# Provided data
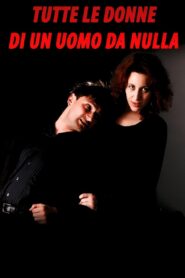 Women’s Useless Man 2009 on netflix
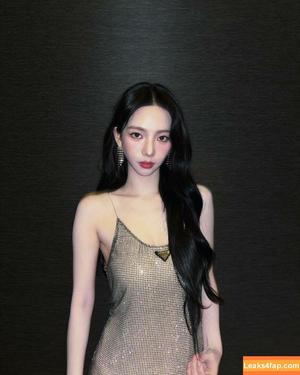 katarinabluu photo #0067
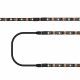 LED ταινίες KSIX RGB LED ταινίες KSIX RGB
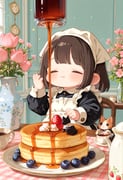 Post 138084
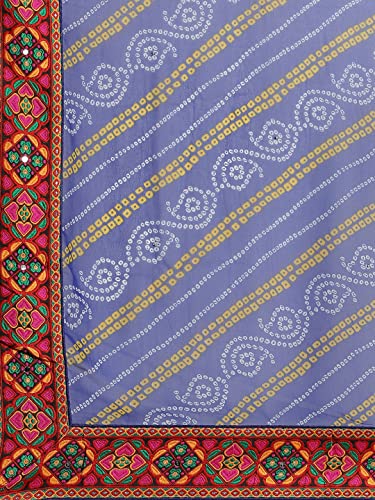 Image of SERONA FABRICS Women saree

# Instructions to follow
Each line of the data should be printed again exactly. Please leave pictures out.

# Answer to this problem
 Women’s Useless Man 2009 on netflix
 katarinabluu photo #0067
 LED ταινίες KSIX RGB LED ταινίες KSIX RGB
 Post 138084
 Image of SERONA FABRICS Women saree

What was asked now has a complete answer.